A estratégia do Ministério Público é conseguir uma decisão de primeira instância neste ano e provocar um pronunciamento do Tribunal Regional Federal, em qualquer uma das cinco regiões, em 2013. "Mas, no fundo, o que vai valer é a posição do Superior Tribunal de Justiça. Quando isso ocorrer, passará a valer para todas as distribuidoras. Temos plena consciência de que esse assunto deve ser resolvido nacionalmente", afirma o procurador.

Nas ações propostas por Gavronski, o pedido de ressarcimento chega a R$ 340 milhões no caso da AES Sul e a R$ 252 milhões para a CEEE, que correspondem aos "erros" nos reajustes tarifárias entre 2002 e 2009.

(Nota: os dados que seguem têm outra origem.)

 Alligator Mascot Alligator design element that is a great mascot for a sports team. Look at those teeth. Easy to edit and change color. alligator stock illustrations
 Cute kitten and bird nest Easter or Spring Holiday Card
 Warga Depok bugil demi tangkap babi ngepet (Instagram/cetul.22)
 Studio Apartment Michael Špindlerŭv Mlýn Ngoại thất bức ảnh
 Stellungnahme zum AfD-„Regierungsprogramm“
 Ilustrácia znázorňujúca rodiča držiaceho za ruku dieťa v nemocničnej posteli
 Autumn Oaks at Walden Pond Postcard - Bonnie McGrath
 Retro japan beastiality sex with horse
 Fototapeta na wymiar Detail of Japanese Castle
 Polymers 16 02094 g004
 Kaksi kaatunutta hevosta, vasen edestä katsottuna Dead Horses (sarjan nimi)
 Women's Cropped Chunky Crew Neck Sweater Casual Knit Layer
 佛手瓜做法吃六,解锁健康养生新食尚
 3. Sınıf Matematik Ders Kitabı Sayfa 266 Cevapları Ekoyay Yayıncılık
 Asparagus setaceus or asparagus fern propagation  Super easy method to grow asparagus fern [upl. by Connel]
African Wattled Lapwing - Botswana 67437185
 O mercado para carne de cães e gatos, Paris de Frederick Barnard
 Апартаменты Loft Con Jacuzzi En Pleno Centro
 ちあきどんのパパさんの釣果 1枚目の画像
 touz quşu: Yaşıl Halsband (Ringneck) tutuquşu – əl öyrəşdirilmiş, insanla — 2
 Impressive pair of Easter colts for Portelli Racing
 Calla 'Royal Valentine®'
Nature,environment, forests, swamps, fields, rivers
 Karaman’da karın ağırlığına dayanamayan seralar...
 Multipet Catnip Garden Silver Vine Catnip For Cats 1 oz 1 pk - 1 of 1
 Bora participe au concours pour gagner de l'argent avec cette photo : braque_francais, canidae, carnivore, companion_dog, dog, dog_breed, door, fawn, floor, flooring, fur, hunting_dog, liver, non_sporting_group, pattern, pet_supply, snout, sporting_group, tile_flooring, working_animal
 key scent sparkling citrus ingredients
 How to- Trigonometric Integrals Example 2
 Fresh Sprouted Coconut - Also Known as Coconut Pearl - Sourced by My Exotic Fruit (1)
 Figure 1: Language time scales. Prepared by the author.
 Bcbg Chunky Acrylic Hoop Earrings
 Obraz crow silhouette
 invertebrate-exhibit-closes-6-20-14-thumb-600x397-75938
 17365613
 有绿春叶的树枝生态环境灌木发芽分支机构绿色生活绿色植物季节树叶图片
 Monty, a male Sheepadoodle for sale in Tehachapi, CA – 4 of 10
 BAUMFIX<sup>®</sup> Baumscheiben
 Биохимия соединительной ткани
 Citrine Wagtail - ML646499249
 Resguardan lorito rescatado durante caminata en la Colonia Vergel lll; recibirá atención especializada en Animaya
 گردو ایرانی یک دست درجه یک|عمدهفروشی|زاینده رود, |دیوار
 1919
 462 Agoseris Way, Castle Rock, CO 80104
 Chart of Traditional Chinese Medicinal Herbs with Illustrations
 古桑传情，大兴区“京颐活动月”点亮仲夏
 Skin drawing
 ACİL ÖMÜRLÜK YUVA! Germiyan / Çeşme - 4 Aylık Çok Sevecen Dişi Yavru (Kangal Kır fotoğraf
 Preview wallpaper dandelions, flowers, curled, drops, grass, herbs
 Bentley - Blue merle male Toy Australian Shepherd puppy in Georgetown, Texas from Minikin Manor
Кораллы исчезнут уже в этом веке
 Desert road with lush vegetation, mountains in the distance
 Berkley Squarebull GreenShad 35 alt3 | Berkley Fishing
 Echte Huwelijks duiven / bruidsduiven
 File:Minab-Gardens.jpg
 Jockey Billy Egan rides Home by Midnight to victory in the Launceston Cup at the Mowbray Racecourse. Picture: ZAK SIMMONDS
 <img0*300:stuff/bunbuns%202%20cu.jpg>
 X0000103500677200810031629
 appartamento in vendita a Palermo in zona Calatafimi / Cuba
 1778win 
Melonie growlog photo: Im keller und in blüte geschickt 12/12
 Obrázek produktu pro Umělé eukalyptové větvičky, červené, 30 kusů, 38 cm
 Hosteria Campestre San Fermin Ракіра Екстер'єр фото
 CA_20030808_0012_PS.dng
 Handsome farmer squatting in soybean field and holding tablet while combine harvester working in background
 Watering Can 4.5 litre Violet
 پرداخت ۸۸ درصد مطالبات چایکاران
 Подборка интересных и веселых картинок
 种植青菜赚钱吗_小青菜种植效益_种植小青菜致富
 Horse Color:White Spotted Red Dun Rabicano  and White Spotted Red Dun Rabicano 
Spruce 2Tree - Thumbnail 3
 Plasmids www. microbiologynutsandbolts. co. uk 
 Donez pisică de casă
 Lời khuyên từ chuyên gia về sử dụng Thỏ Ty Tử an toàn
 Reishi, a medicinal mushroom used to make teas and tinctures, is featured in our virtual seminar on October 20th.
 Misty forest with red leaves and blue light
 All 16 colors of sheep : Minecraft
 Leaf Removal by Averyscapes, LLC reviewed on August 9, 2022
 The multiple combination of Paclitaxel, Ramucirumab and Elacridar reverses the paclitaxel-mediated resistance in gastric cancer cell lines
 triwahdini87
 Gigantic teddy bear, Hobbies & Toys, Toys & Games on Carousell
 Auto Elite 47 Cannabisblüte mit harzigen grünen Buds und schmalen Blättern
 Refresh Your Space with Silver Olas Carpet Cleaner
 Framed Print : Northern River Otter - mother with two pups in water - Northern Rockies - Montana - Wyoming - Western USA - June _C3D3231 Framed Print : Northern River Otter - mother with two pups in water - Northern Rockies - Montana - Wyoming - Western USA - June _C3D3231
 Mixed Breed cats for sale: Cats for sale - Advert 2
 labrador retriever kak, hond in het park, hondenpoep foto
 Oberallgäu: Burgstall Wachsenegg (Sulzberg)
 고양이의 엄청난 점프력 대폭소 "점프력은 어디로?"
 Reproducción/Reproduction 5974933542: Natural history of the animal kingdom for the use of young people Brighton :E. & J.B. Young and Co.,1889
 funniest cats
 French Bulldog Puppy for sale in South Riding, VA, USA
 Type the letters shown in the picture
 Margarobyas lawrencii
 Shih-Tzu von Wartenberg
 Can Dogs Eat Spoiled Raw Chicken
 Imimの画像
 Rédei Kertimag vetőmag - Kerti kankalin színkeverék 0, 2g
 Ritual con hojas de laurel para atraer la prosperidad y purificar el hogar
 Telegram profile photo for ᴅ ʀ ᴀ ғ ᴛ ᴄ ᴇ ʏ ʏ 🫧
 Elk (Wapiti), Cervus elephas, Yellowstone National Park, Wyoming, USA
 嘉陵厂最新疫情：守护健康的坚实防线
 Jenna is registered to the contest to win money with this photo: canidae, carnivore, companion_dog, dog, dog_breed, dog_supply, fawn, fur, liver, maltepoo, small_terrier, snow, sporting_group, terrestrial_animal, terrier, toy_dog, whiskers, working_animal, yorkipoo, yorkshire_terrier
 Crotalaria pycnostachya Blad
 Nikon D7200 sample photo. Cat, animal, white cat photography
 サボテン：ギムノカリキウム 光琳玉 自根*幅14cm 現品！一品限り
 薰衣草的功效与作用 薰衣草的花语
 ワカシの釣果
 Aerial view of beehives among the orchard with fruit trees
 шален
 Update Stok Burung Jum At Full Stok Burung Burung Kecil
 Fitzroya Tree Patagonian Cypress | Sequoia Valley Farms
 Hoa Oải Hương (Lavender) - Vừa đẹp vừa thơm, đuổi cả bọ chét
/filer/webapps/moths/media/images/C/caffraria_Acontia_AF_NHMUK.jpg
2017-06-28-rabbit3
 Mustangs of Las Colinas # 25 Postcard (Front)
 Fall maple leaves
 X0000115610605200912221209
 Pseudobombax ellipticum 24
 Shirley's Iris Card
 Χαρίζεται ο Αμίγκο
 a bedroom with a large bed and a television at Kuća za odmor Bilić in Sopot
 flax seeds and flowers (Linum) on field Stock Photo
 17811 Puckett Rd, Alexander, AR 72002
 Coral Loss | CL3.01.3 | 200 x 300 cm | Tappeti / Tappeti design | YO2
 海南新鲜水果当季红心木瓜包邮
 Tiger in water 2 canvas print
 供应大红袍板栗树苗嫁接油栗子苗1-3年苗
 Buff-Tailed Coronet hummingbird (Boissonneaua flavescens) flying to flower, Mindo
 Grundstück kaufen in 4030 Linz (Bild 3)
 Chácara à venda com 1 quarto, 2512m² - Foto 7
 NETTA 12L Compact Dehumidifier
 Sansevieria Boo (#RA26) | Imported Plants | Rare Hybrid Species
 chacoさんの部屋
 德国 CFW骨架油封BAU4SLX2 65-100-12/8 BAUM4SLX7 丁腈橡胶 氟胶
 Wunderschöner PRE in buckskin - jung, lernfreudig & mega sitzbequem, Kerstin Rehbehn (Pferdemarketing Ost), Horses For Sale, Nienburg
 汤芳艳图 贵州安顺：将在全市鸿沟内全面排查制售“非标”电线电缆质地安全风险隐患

Os advogados da Abradee, que rejeitam a tese de "erro" nas contas de luz, lembram um ponto importante: o próprio TCU, ao aprovar os leilões de privatização das distribuidoras nos anos 90, deu sinal verde à fórmula de reajuste que foi sendo aplicada pela agência reguladora desde então.

Em recente audiência pública, na Câmara dos Deputados, o diretor-geral da Aneel, Nelson Hubner, advertiu que a eventual exigência de ressarcimento aos consumidores pode caracterizar "quebra de contrato" com as distribuidoras e aumentar a percepção de risco dos investidores.

Hubner lembrou que a agência diminuiu, de 9,95% para 7,5%, a taxa de remuneração do capital investido para o período de 2011 a 2015. Essa redução, segundo ele, só pôde ocorrer graças à segurança jurídica e à queda do risco regulatório, entre outros indicadores, o que agora estaria ameaçado. (DR)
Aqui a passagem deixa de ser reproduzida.